This week on Parentheses:

Lately, I've been perusing garden books and catalogs and visiting web sites where images of green growing things abound. Giving no consideration to my designated USDA plant hardiness zone, or my gardening abilities, I want everything I see. Dreams rise from these pages and sites.

I've also been contemplating our courtyard, where space is divided into beds and walkways. Tiny tufts of Mexican feather grass, festive pink muhly, and English lavender - all from local nurseries - have been planted. We're going for a mostly drought-resistant, low-maintenance garden. 

Roses from the Antique Rose Emporium in Brenham, Texas, are also in the ground.

There's Mlle. Franiska Kruger - a shrub that produces yellow flowers tinged with apricot.

There's Madame Alfred Carriere - a climber described as having "intensely fragrant" flowers that turn from the palest of pinks to a creamy white.

And Mermaid - a climber that promises saucer-sized, creamy yellow flowers.

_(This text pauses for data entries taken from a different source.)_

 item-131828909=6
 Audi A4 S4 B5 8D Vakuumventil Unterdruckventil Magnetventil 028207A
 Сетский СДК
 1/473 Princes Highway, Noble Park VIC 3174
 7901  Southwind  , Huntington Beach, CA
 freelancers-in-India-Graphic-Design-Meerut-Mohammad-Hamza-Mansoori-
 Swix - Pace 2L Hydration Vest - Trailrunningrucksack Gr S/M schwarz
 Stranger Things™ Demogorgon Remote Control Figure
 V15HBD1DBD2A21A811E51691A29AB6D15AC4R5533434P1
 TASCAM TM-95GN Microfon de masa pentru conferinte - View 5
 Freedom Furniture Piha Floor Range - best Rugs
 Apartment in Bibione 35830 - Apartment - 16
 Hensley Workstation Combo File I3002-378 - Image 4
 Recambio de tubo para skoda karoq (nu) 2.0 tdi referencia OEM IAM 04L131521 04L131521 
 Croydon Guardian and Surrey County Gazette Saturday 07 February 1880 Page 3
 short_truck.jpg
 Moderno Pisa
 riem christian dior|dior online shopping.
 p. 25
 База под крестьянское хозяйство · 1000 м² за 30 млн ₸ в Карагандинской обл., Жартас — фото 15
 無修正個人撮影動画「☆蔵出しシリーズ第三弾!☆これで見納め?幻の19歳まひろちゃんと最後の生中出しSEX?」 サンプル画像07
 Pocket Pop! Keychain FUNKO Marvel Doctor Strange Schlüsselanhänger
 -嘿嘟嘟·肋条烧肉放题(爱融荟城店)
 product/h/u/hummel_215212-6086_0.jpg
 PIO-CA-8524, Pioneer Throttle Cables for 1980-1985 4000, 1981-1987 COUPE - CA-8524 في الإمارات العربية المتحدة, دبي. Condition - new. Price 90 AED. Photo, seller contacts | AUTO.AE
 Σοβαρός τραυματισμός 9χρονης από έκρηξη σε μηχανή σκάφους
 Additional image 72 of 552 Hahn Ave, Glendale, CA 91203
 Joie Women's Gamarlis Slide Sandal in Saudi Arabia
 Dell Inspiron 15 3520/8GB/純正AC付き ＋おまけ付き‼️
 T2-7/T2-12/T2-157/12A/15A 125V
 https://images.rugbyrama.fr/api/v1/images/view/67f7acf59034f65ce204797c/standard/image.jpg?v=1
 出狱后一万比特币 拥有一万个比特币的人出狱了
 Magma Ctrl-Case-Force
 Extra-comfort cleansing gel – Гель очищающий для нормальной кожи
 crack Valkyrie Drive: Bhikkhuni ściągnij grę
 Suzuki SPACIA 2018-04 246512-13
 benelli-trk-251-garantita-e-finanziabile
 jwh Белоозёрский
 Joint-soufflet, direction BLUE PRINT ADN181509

I can imagine those climbers covering the south-facing courtyard wall. Their blooms, pale in color, holding their own by day and turning into a moonlight garden by night.

The courtyard doesn't look like much now - but I can imagine tall grases waving in the wind, aprigs of lavender adding fragrance to a room, a vase of roses on a dinning room table.

Some day - we'll capture rainwater in a storage tank. And we'll add more plants that attract hummingbirds, butterflies, bees.

Gardening directs thought toward tomorrow. It gives shape to dreams and ambitions. Desire becomes tangible. Think about Eden and the words of Sir Francis Bacon, "God Almighty first planted a garden."